Supplied entries —
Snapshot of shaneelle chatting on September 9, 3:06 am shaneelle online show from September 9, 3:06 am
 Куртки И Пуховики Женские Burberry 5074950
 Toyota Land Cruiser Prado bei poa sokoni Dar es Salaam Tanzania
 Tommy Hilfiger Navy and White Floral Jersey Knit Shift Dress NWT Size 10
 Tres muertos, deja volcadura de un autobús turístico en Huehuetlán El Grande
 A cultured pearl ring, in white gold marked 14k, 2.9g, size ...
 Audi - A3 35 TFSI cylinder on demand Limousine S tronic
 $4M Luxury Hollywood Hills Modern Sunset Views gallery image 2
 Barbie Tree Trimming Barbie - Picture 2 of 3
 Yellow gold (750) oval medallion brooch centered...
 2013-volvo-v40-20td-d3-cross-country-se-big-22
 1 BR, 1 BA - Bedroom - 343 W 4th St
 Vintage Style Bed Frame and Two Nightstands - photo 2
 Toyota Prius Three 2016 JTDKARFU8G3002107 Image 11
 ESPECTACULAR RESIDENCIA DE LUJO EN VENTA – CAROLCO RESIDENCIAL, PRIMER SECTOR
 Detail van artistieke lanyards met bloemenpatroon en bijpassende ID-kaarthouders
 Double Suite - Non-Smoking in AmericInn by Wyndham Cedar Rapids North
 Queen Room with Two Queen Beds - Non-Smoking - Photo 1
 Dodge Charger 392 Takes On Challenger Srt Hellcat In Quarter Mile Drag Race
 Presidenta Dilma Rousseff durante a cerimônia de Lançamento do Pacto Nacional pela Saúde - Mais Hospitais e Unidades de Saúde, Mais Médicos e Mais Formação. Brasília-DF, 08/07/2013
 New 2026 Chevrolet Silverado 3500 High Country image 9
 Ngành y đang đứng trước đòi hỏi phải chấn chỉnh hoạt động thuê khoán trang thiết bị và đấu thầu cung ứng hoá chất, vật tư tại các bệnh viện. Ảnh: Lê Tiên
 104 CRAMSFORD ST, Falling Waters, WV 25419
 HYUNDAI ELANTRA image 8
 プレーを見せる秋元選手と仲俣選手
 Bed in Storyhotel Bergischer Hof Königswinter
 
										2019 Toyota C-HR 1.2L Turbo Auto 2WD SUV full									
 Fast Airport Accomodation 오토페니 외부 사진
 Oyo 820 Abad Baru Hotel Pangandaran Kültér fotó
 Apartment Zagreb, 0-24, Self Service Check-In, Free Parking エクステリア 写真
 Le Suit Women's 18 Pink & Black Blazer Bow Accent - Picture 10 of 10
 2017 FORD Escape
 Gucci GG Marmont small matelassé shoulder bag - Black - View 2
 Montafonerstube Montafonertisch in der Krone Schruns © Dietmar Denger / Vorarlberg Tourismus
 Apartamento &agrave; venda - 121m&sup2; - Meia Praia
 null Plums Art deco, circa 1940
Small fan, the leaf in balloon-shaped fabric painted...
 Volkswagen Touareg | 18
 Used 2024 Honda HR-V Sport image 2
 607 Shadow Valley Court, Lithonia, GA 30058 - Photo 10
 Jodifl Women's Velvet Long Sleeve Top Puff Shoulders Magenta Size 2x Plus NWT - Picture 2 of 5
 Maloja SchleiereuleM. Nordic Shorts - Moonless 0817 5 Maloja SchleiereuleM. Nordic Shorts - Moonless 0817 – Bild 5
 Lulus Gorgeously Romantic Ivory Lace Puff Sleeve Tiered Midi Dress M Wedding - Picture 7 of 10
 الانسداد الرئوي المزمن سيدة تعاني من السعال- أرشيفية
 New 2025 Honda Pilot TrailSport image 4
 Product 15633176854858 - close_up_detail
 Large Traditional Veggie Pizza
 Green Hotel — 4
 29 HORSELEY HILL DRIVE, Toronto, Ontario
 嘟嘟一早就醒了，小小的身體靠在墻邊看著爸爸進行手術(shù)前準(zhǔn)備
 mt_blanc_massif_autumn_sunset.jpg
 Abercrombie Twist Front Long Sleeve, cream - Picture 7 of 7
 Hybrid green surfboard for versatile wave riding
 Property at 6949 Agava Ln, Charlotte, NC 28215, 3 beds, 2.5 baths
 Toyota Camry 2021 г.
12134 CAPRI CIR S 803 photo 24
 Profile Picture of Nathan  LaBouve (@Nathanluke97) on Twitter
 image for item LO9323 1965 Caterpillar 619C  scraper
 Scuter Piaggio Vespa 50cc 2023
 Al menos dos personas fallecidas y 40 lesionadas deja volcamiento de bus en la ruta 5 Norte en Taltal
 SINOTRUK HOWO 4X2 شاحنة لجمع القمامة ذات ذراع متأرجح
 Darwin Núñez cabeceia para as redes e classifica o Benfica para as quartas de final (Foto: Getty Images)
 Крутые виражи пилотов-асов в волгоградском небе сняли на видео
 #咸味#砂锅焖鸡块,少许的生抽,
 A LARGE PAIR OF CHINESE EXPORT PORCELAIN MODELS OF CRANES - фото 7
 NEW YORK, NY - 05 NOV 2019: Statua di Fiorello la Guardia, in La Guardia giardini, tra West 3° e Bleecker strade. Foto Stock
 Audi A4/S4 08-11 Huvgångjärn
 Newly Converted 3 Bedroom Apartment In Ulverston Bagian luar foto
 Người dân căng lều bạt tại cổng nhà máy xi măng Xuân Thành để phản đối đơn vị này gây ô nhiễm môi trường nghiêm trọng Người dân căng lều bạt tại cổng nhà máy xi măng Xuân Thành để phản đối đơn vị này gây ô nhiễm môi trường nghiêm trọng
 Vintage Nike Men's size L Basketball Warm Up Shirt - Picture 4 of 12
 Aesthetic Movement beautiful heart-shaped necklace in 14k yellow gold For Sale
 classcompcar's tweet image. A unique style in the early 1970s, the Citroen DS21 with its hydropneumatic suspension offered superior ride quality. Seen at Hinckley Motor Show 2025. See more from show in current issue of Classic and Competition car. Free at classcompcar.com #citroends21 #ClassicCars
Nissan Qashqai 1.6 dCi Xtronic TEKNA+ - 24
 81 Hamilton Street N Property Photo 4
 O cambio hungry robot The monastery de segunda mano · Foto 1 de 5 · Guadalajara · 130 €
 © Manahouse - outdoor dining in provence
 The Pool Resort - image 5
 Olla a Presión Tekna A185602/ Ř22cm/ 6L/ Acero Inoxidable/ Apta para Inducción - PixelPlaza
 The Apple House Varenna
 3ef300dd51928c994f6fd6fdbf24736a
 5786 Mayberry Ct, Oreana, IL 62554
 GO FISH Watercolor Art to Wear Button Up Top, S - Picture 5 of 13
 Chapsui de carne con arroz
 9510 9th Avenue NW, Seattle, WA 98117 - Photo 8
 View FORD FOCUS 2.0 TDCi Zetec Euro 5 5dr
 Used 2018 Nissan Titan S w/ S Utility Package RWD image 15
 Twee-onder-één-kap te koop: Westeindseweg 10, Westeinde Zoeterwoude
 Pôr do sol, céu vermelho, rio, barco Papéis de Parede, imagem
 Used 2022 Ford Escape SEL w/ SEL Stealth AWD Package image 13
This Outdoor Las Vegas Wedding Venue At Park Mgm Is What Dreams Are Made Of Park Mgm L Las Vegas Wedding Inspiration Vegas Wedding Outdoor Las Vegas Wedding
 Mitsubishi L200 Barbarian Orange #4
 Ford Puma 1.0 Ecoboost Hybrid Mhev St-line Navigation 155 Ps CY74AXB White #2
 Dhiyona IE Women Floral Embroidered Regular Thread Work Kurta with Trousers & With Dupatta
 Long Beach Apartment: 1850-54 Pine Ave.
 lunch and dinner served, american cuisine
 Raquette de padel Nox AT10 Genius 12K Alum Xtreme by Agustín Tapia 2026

What to work on —
State the number of lines in the entries above that contain the word "Package", and nothing more.

Solved exercise —
2